2. Security: Keeping data secure, even inside the firewall, has always been of paramount importance to data owners. In addition, new privacy regulations, such as HIPPA, have made it critically important for companies to protect data from being used in ways that violate customer privacy. When choosing between creating a new database or risking a potential security or privacy issue, most architects will simply take the safe path and create their own database. Such access control measures have the additional benefit of enhancing performance as they generally limit database load.
3. Schemas: The database schema is the essentially the embodiment of an application’s data model. Poorly designed schemas can create major performance problems and can greatly limit the flexibility of an application to add features. As a result, most application architects spend a significant amount of time optimizing schemas for each particular application. With each schema heavily optimized for a particular application it is often impossible for applications to share schemas which in turn makes it logical to give each application its own database.

Taken together, the three S’s effectively guarantee that the utopian vision of a single master database for all applications will remain a fantasy for some time. The reality is that the 3 S’s (not to mention pragmatic realities such as mergers & acquisitions and internal politics) virtually guarantee that large companies will continue to have hundreds if not thousands of separate databases.

This situation appears to leave most companies in a terrible quandary: while they’d like to reduce the number of databases they have in order to reduce their problems with inconsistent and duplicative data, the three S’s basically dictate that this is near next to impossible.

Master Database = Major Headache
Unwilling to accept such a fate, in the 1990’s companies began to come up with “work arounds” to this problem. One of the most popular involved the establishment of “master databases” or databases “of record”. These uber databases typically contained some of the most commonly duplicated data, such as customer contact information. The idea was that these master databases would contain the sole “live” copy of this data. Every other database that had this information would simply subscribe to the master database. That way, if a record was updated in the master database, the updates would cascade down to all the subordinate databases. While not eliminating the duplication of data, master databases at least kept important data consistent.

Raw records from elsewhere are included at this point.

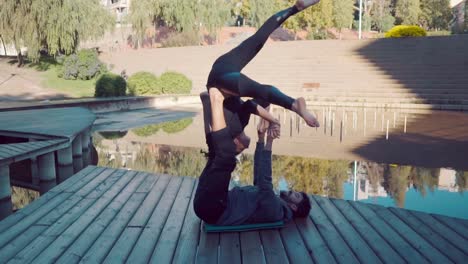 Beautiful-couple-practicing-acro-yoga-in-the-morning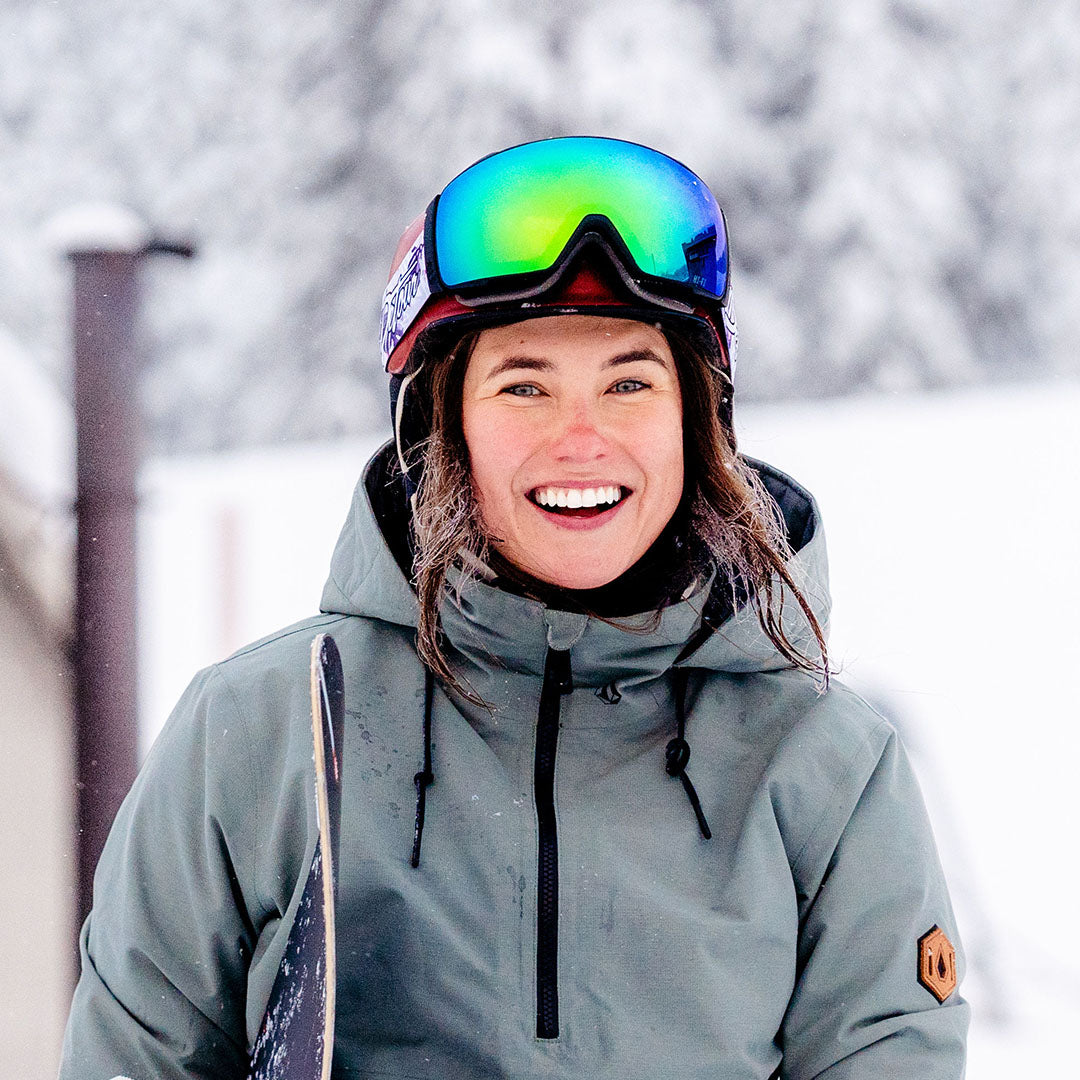 Man wearing mirrored goggles and gray beanie, holding skis in a snowy setting.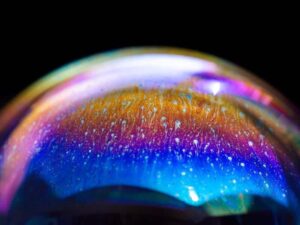 Multicolored rainbow in a bubble. Abstract texture inside of the soap bubble, macro photography.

The major drawback with this approach is that in order to ensure proper propagation of the updates it is usually necessary to install a complex EAI infrastructure as this infrastructure provides the publish & subscribe “bus” that links all of the master/servant databases together. However, in addition to being expensive and time consuming to install, EAI infrastructures must be constantly maintained because slight changes to schemas or access controls can often disrupt them.

Thus, many companies that turned to EAI to solve their data problems have unwittingly created an additional expensive albatross that they must spend significant amounts of time and money on just to maintain. The combination of these complex EAI infrastructures with the already fragmented database infrastructure has created what amount’s to a Rube-Goldberg like IT architecture within many companies which is incredibly expensive to maintain, troubleshoot, and expand. With so many interconnections and inter-dependencies, companies often find themselves reluctant to innovate as new technologies or applications might threaten the very delicate balance they have established in their existing infrastructure.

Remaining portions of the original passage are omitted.